Una nota che non è solo “colore”. La prima esperienza di fraternità missionaria a Km0 è stata avviata in una parrocchia di Quarto Oggiaro, nella periferia di Milano. E molte delle successive hanno preso vita in contesti decentrati. Credo non sia un caso. È laddove la realtà si presenta più fluida, magmatica e sfuggente – e non certo dove la Chiesa è graniticamente arroccata su forme e posizioni indiscutibili – che diventa possibile dar vita a laboratori pastorali fecondi come quelli che ho provato a narrare. In un’intervista del 2015 a La Cárcova News, una rivista prodotta nelle baraccopoli di Buenos Aires, Papa Francesco ebbe a dire: «Normalmente noi ci muoviamo in spazi che in un modo o nell’altro controlliamo. Questo è il centro. Nella misura in cui usciamo dal centro e ci allontaniamo da esso, scopriamo più cose e, quando guardiamo al centro da queste periferie, vediamo che la realtà è diversa». L’esperienza delle famiglie missionarie lo conferma.
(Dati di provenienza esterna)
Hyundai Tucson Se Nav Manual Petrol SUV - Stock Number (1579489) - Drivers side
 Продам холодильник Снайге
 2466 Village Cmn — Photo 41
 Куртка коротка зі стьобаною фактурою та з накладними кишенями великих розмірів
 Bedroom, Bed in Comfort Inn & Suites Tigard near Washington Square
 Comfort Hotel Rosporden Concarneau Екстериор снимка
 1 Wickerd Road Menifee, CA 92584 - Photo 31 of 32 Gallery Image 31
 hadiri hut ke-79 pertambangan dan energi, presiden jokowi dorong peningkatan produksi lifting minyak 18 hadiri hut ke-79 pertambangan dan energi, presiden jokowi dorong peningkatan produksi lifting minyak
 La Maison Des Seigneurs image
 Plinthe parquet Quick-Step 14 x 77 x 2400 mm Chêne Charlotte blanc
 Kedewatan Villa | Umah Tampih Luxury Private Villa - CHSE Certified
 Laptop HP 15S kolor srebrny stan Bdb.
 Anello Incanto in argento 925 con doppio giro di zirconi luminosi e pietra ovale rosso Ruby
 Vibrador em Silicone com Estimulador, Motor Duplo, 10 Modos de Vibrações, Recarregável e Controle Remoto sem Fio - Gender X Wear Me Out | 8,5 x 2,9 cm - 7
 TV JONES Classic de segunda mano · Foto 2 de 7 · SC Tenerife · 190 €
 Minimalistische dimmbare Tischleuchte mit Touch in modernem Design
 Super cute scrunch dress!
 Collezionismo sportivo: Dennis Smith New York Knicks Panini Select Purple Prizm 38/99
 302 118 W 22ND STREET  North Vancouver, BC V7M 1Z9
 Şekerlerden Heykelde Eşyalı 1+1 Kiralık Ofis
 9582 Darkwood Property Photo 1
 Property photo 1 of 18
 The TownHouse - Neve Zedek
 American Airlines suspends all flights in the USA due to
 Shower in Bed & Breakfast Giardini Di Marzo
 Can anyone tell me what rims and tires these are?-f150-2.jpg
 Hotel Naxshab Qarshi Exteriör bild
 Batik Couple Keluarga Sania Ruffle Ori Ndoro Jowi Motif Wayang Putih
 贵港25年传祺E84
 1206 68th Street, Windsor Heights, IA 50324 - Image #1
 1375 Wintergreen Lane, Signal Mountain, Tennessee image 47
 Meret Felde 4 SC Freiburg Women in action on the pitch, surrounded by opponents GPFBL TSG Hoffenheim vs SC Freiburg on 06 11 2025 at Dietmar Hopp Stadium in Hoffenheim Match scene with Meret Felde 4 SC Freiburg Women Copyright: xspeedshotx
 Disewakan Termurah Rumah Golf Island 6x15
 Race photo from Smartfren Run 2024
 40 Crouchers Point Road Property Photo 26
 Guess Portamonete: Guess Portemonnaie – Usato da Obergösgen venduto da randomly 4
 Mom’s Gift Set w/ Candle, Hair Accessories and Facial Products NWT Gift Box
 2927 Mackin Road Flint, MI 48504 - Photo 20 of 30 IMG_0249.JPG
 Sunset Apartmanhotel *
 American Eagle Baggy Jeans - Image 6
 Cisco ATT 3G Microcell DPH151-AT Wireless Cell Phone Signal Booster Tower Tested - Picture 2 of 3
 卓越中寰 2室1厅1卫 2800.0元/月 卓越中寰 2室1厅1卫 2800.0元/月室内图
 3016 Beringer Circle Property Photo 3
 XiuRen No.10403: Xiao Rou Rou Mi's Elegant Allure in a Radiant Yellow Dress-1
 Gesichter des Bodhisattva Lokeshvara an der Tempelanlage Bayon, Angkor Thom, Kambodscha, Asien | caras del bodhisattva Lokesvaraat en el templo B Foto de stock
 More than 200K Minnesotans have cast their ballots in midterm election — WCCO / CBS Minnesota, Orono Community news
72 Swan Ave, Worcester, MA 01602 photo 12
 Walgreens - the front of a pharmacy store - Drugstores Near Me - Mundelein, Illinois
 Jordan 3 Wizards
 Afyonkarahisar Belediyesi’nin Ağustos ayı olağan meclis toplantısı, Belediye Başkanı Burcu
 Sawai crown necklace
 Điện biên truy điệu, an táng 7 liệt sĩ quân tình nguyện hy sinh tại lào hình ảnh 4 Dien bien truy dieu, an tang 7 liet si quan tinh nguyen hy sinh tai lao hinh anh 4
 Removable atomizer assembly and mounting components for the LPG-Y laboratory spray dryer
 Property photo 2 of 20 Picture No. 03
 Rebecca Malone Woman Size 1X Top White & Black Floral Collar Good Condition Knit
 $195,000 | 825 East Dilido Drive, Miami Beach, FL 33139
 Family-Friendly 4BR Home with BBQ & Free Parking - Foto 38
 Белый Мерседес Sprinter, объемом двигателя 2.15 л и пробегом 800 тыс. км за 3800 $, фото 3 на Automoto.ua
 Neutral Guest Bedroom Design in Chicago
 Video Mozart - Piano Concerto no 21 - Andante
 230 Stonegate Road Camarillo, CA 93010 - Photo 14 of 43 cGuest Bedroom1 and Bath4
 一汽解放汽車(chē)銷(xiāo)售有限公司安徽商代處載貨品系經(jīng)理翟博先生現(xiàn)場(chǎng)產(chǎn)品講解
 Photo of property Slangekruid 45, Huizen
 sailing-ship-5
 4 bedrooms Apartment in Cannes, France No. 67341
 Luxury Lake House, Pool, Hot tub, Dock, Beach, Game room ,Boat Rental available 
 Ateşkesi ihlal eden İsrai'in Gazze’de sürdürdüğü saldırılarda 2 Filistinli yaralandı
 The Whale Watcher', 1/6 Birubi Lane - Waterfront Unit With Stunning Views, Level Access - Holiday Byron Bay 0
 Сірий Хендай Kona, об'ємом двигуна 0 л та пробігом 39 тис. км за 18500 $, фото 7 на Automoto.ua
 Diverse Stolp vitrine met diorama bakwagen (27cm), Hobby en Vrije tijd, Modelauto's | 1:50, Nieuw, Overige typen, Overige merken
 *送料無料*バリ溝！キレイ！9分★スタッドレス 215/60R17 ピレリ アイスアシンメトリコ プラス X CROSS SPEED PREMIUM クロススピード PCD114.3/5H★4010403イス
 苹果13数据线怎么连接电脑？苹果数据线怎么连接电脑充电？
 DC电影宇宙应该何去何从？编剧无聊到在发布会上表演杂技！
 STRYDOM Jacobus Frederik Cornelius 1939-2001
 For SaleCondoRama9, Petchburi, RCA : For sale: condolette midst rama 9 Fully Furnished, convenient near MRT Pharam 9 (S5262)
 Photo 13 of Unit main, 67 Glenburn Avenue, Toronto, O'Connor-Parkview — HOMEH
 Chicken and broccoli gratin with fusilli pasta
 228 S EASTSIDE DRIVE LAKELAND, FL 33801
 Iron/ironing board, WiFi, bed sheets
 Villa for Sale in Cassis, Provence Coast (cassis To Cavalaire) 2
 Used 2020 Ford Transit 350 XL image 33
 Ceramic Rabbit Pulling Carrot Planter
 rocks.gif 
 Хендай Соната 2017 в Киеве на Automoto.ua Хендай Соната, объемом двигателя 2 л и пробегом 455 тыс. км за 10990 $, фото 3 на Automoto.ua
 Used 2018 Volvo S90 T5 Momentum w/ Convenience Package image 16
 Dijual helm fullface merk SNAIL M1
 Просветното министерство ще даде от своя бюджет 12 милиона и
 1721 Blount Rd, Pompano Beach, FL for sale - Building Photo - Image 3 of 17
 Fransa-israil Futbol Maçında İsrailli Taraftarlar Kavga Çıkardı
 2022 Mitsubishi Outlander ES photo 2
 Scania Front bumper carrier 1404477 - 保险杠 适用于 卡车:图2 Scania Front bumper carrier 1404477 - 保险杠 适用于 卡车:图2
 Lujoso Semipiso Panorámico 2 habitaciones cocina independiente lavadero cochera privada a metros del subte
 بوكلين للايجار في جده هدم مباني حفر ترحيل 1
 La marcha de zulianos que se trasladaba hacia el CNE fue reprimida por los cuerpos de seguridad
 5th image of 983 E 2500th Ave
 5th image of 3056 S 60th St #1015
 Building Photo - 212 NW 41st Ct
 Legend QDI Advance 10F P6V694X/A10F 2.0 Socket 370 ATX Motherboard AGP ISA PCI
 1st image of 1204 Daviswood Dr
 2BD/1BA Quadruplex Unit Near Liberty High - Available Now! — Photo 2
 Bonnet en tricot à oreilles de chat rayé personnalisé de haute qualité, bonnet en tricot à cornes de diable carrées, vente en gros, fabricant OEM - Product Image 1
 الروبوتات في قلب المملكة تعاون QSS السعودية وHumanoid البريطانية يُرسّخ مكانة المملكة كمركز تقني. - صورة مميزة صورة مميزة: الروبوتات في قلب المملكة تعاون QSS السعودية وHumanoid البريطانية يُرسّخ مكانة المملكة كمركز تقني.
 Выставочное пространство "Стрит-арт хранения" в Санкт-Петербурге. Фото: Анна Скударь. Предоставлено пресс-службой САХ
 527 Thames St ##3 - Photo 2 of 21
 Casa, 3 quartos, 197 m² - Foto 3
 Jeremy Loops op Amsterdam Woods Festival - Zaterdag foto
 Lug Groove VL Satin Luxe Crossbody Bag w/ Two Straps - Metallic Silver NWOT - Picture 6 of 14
Chi, fra i protagonisti di questa avventura, ha fatto in passato esperienza di missione nelle periferie geografiche ed esistenziali in Brasile, Perù, Venezuela o altrove, vivendo e operando in diocesi immense, poco strutturate e con un clero assolutamente inadeguato rispetto alle “esigenze pastorali”, ha vissuto sulla sua pelle la sensazione di assoluta sproporzione fra il compito assegnato e i mezzi a disposizione: la medesima che deve aver avvertito il ragazzo dell’episodio evangelico dei cinque pani e due pesci: «Ma cos’è questo per tanta gente?». C’è solo un modo, in questi casi, per evitare la rassegnazione o, peggio, la frustrazione: affidarsi. E vivere dando testimonianza nel piccolo, più che sognare di realizzare opere strabilianti o iniziative di successo. Un compito tipicamente da laici, questo. A loro infatti è consegnata l’affascinante ma non meno ardua missione di innervare il quotidiano e i suoi ambiti (famiglia, affetti, lavoro, tempo libero, rapporti sociali, politica…) con una fede umile e autentica insieme. Consapevoli che non basta più “suonare le campane”, ma vanno “suonati i campanelli”, per toccare il cuore delle persone.

Questa comune preoccupazione per una testimonianza credibile, basata anzitutto su rapporti di sincera amicizia, accomuna oggi persone che, fino a ieri, avresti detto incapaci di “allearsi”. Forse la gravità e la bellezza insieme della posta in gioco sta finalmente portando a mettere in secondo piano ciò che ci distingue, valorizzando, innanzitutto, il desiderio che ci unisce: la tensione a vivere «perché la Parola corra». Un dato che mi ha stupito positivamente, durante il mio viaggio nel mondo delle famiglie missionarie a Km 0, è la variegata provenienza ecclesiale di quanti lo abitano. Si va dagli scout dell’Agesci all’Ordine Francescano Secolare, da Comunione e Liberazione all’Operazione Mato Grosso, dall’Associazione Papa Giovanni XXIII, ai laici missionari della Consolata, alle famiglie partite come missionarie fidei donum. Una “biodiversità ecclesiale” davvero sorprendente, che raramente è possibile incontrare altrove. Un segno inequivocabile che all’opera c’è un Altro, che chiama la sua Chiesa a vivere la «pluriformità nell’unità», come amava esprimersi Il vescovo emerito di Milano, cardinale Angelo Scola.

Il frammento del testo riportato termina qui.